Light in the Darkness?
“You are the light of the world…”
— Matthew 5:14
Where do Christians get the audacity to call themselves the light of the world anyway? Surely they can’t be the only light, right? What about all the other religions and philosophies that people have? They can enlighten, right?
Well, the short answer is the Bible (Matthew 5:14-16); but that would just be self-affirming wouldn’t it?
“The book my whole faith is centered around decreed it, therefore it must be true!”
While this might be a good enough argument for most believers, I think a deeper analysis is needed.
In order to get a proper answer, however, we should explore the conditions in which Christianity first appeared: the Roman empire.
Basically the whole world practiced pagan religions. Each region had its own cults, gods, beliefs, and stories. These collections of faiths were not as united as modern society would believe. Sometimes there was overlap between religions, sometimes there wasn’t. Nothing was really written down in the sense of a “bible," and many beliefs changed over time. None promised comfort, peace, or love the way we are used to hearing about it in Christianity. All demanded sacrifice to appease the gods and dissuade their wrath. There was a constant fear that the world would end; and none of these gods really cared for human beings or loved them. The creation simply existed to serve, appease, and entertain their masters. Essentially, the human race was created to be subservient.
While these ancient beliefs are often romanticized in the modern age, the actual history paints a very different picture. Many of these religions involved ritual mutilation and violent sacrifice. Sometimes the gods demanded wars be fought or even human beings to be slaughtered in rituals of appeasement. The sanctity of human life was nonexistent. To make matters worse, these religions also generally promised meager rewards and a bleak outlook on what happens after death. Human beings would suffer much in this life, only to suffer slightly less in the death. Unless one did heroic deeds or somehow earned some sort of favor from a god, there was no real hope of escaping this dismal fate. Even then, that hope was miniscule. Human beings were essentially just slaves to their gods and passions. (Including academic references for these statements is beyond the scope of these meditations, but I would invite you to read some of the literature for yourself.)

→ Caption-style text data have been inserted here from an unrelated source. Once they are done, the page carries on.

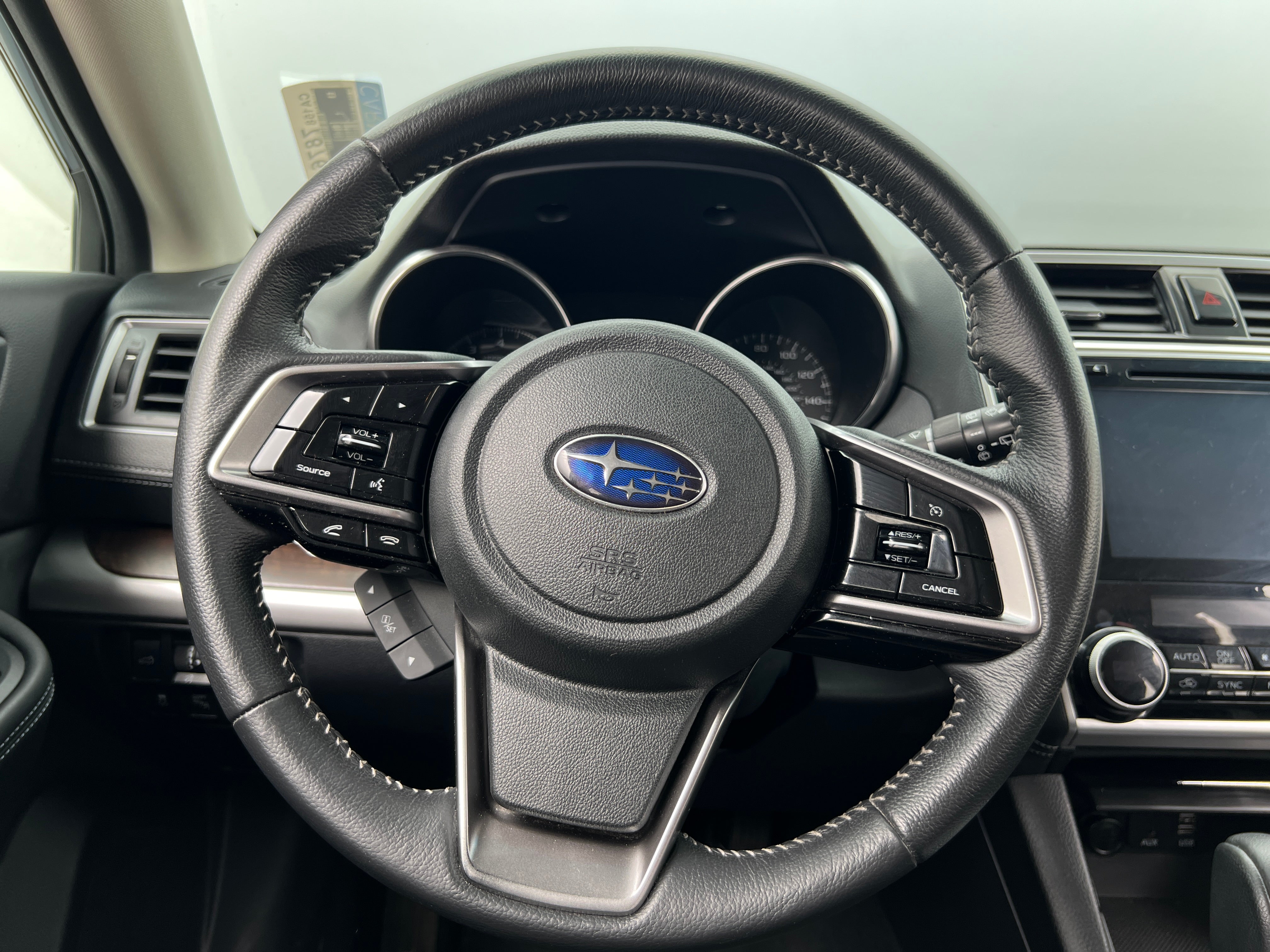 2018 Subaru Outback 3.6R Limited 5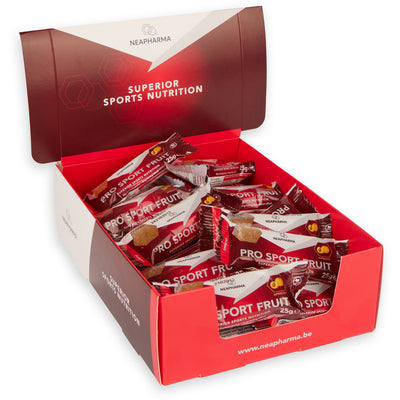 NeaPharma Neafarma Reep Sport Fruit ApricoT Display (40.)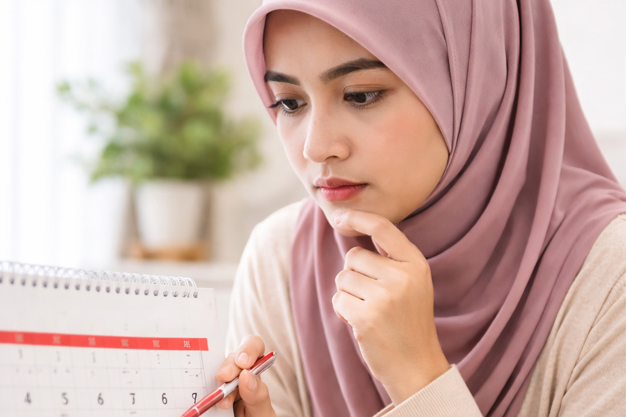 Women Love: 6 Punca Kitaran Haid Tidak Stabil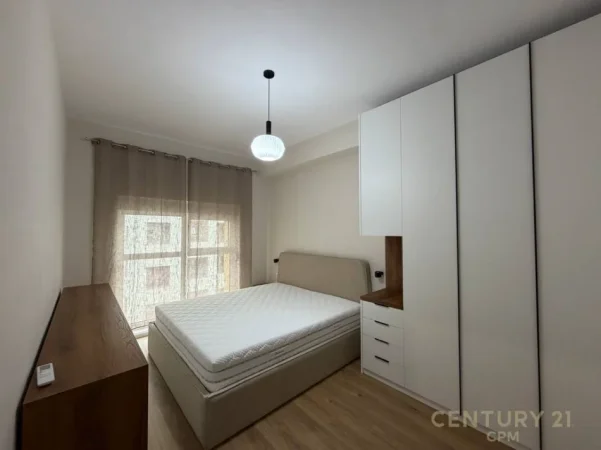 Tirane, jepet me qera apartament 1+1 Kati 7, 60 m² 115.000 € (Ali dem)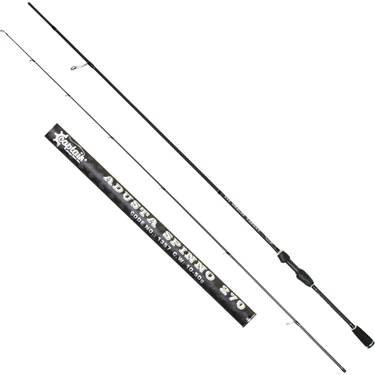 Captain 1357 Adusta Spinno 270CM 2 Parça Spin Kamış 10-50GR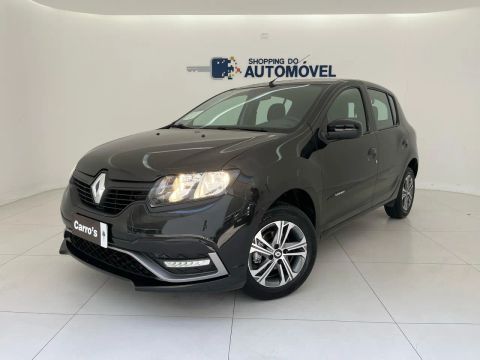 SANDERO 1.0 S EDITION FLEX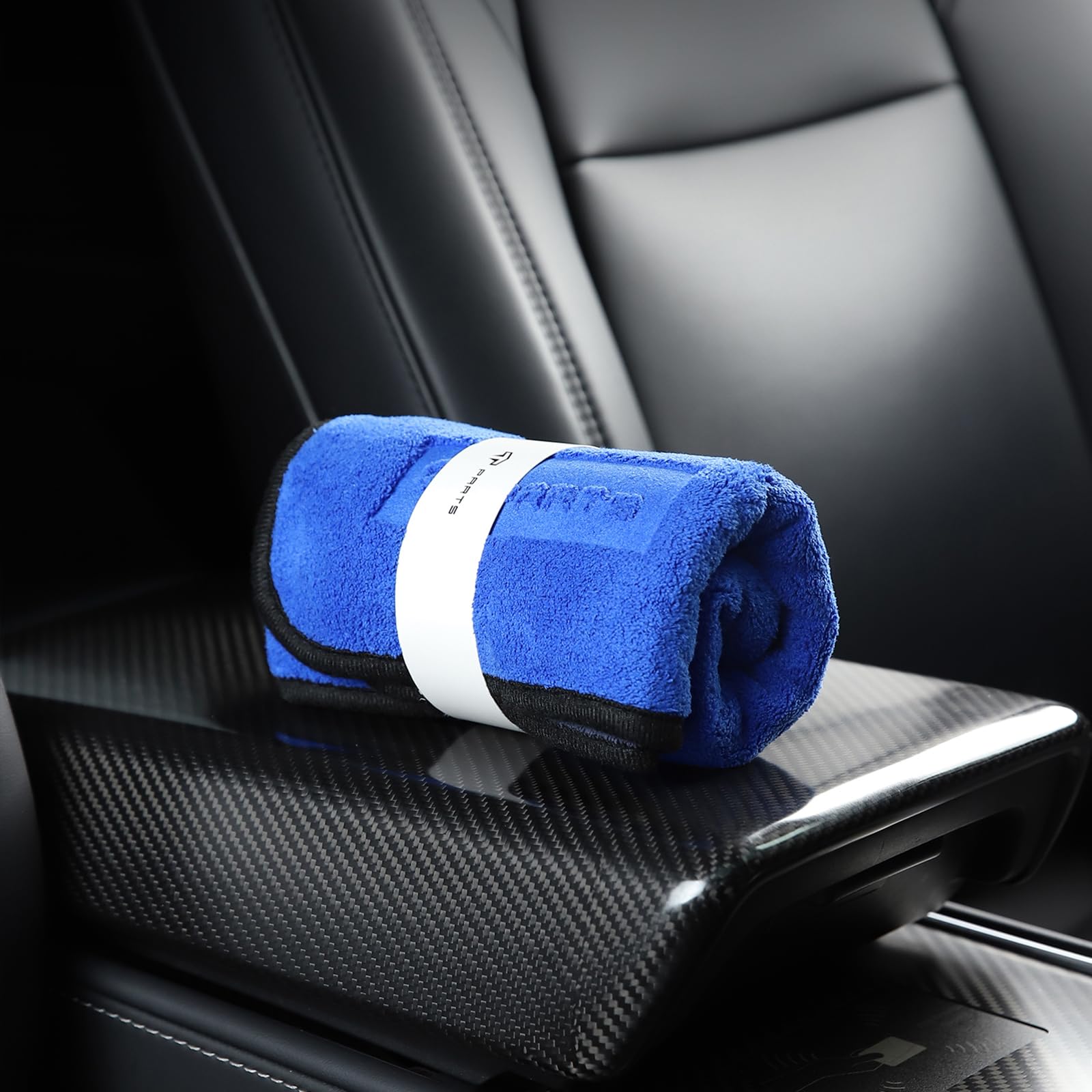 TPARTS Ultra Soft Thick Car Wash Towel - Premium Absorbent Microfiber Cleaning Cloth for Cars, Scratch & Lint Free - Perfect for Auto Detailing, Waxing & Polishing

Then some men and women from Judea came along and started preaching a radical new message. Human beings were not created to be subservient slaves, but had merely fallen from a highly exalted existence. There was also only one God; He has a Son; this Son became a human being, while remaining perfectly Divine, in order to redeem that fallen race; and He promises freedom from this bleak existence to anyone who believes in Him.
The creator to creation dynamic was completely flipped. In Christianity, the Creator loved the creation to such an extent that He became a creation, along with them, without changing His status, in order to bring this creation back to its exalted existence. This point is key. Rather than simply existing and working for their gods, human beings could now work and be with the one God. In fact, it would not be too much of a stretch to say that God serves His creation just as much, if not more, than His creation serves Him. This companionship between God and people is something uniquely Christian.
Rather than fearing the wrath of many supernatural beings, people could now relish the love of the One Being. Rather than constantly offering sacrifices to ungrateful gods, the one God offered Himself as an eternal sacrifice to liberate humanity from its former chains.
Death was no longer something to be feared. Life after death became something beautiful. The end of the world, arguably the most fearful event for pagan religions, was something to be looked forward to.
Everything was to be made brand new.
That is the message early Christians were preaching and late pagans were hearing.
How would it have sounded to someone who was just hearing it for the first time?